Profunda madrugada catalá y yo en McDonalds, viendo comer a un grupo de yanquis, entre los cuales estaba mi primo, que unos días atrás había insistido en que el inglés tiene más palabras que el español, que es un idioma más rico, que lo que allá necesita una palabra acá necesita una frase. Últimamente paso mucho tiempo con yanquis. Con pocos, porque el resto de los que he conocido son más bien demasiado yanquis, ustedes me sabrán entender. Esa madrugada, sin embargo, eran como seis. Y todos comían, menos yo. Y era tan tarde, y tanto cansancio. En un punto la imagen me pareció un emblema de decadencia, y sin embargo todo cerraba, situación redondita, un grupete de gringos engullendo su propia comida plástica a lo cerdo, encerrados en su cápsula de arquitos dorados, ruidos guturales y manchas de kétchup en la punta de la nariz. El silencio lo quebré cuando no aguante más y dije “buen provecho”. Nadie contestó. Ni siquiera levantaron sus cabezas. Mirando a mi primo, continué, “ustedes no tienen una expresión para ‘buen provecho’, malditos maleducados”. Sus ojos saltaron y tartamudeó mis últimas dos palabras, ofendidísimo. Y ahí rematé, “y tampoco tienen una palabra para ‘maleducados’”.
Desde hace tres semanas no duermo más de seis horas por día.
Averigüé acerca de la posibilidad de estudiar acá.

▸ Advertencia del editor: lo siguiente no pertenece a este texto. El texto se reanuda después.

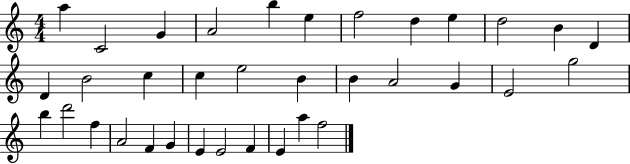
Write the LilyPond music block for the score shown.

{
  \clef treble
  \numericTimeSignature
  \time 4/4
  \key c \major
  a''4 c'2 g'4 | a'2 b''4 e''4 | f''2 d''4 e''4 | d''2 b'4 d'4 | \break d'4 b'2 c''4 | c''4 e''2 b'4 | b'4 a'2 g'4 | e'2 g''2 | \break b''4 d'''2 f''4 | a'2 f'4 g'4 | e'4 e'2 f'4 | e'4 a''4 f''2 | \break \bar "|."
}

El perfil y los contenidos de mi carrera, en mi universidad, son casi únicos en el mundo, de manera que estos temas tienden a no ser sencillos. Ya veré cuántas medias tendré que chupar en la UBA para acceder a una beca o algo por el estilo.

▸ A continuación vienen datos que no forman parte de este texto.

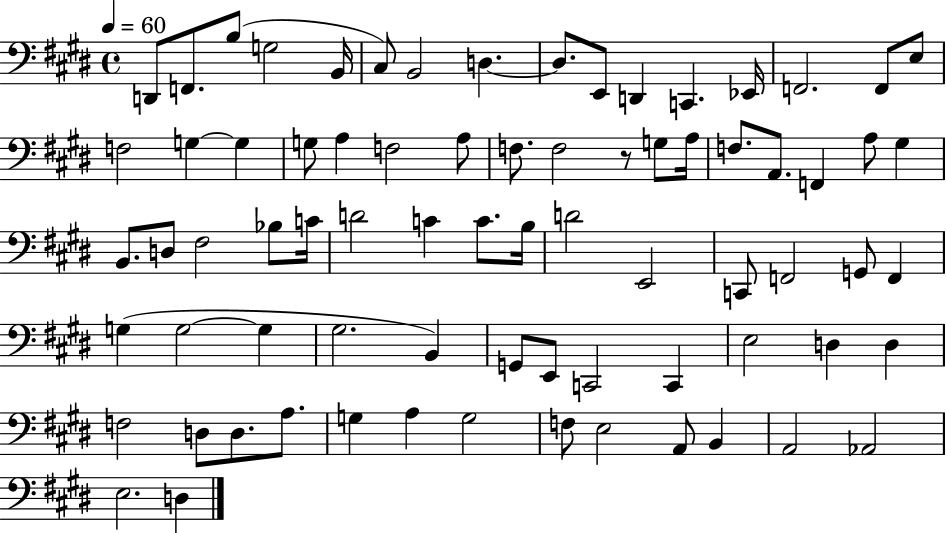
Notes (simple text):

D2/e F2/e. B3/e G3/h B2/s C#3/e B2/h D3/q. D3/e. E2/e D2/q C2/q. Eb2/s F2/h. F2/e E3/e F3/h G3/q G3/q G3/e A3/q F3/h A3/e F3/e. F3/h R/e G3/e A3/s F3/e. A2/e. F2/q A3/e G#3/q B2/e. D3/e F#3/h Bb3/e C4/s D4/h C4/q C4/e. B3/s D4/h E2/h C2/e F2/h G2/e F2/q G3/q G3/h G3/q G#3/h. B2/q G2/e E2/e C2/h C2/q E3/h D3/q D3/q F3/h D3/e D3/e. A3/e. G3/q A3/q G3/h F3/e E3/h A2/e B2/q A2/h Ab2/h E3/h. D3/q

Quien me conozca más que un poco, o quizá ni tanto, sabe que, si no desde siempre, aunque sea desde hace mucho, tiendo a tener más amigas que amigos. Desnivel desproporcionado. Me cuesta construir relaciones sólidas y duraderas con chicos. Y de pronto paf, se da vuelta la milanesa y me sorprendo cuando veo que acá he logrado pasar mucho, pero mucho tiempo (y muy divertido) con un par de individuos con poronga.
Ya vi dos paredes con el mismo grafitti: apagá la televisión. Lee un poema.

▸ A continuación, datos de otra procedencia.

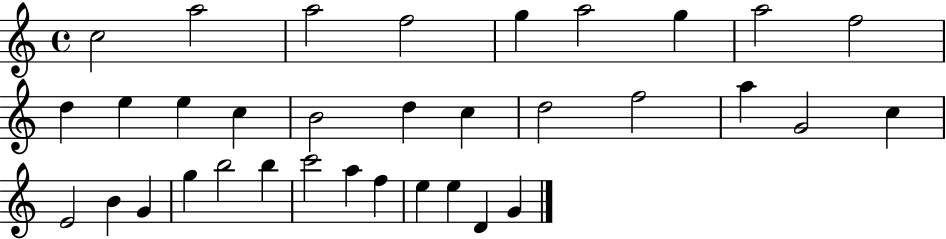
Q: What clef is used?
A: treble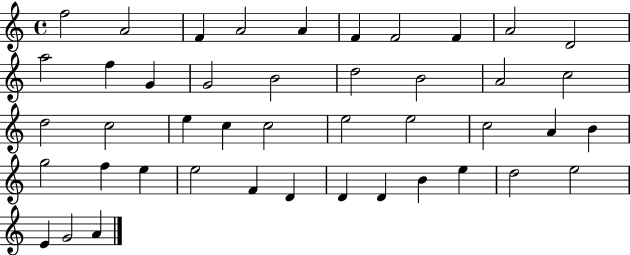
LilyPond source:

Mis días, desde hace un par de semanas, los dedico plenamente a buscar trabajo. Lo que sea, donde sea, paguen lo que paguen. Estoy acá desde hace mucho, y hace unos días fijé plazo de una semana para encontrar algo o, muy a mi pesar, irme a probar suerte a otro rumbo, seguramente Madrid. Madrid estaría bien, tengo ganas de conocerla, pero me duele irme de Barcelona. Me pasan cosas muy fuertes con esta ciudad, me impacta día tras día, ya tengo algunos conocidos, salgo cuatro o cinco noches por semana, exprimo el pavimento. He saltado de entrevista en entrevista, entrar en detalles sería tedioso. Todo lo que se consigue es una mierda, pero no tengo otra opción que bajar la cabeza y aceptar alguna ocupación fea, extensa y mal remunerada. Eso hice ayer. El martes comienzo trabajar. Lo que haré es parecido a lo que venía negándome, e incluso similar a lo que ya renuncié, pero la gran diferencia es que estos tipos te ofrecen lo único que en este momento necesito: un sueldo fijo. De lunes a viernes, de nueve a diecinueve, me moveré dentro de universidades como un infiltrado, tratando de captar (estoy comenzando a odiar ese verbo) estudiantes para que abran una cuenta para el Banco Santander. Es detestable, y es el trabajo peor pago que he visto o escuchado desde que estoy en España. Sé que este mes perderé dinero, que probablemente esté sacrificando una semana de viaje por Europa a cambio de vivir un mes más en Barcelona, pero la verdad es que nunca estuve tan a gusto en un lugar y no me da la gana de irme ahora.
Ya veré cuándo, cómo, con quién, por cuánto tiempo: quiero y voy a vivir en Barcelona.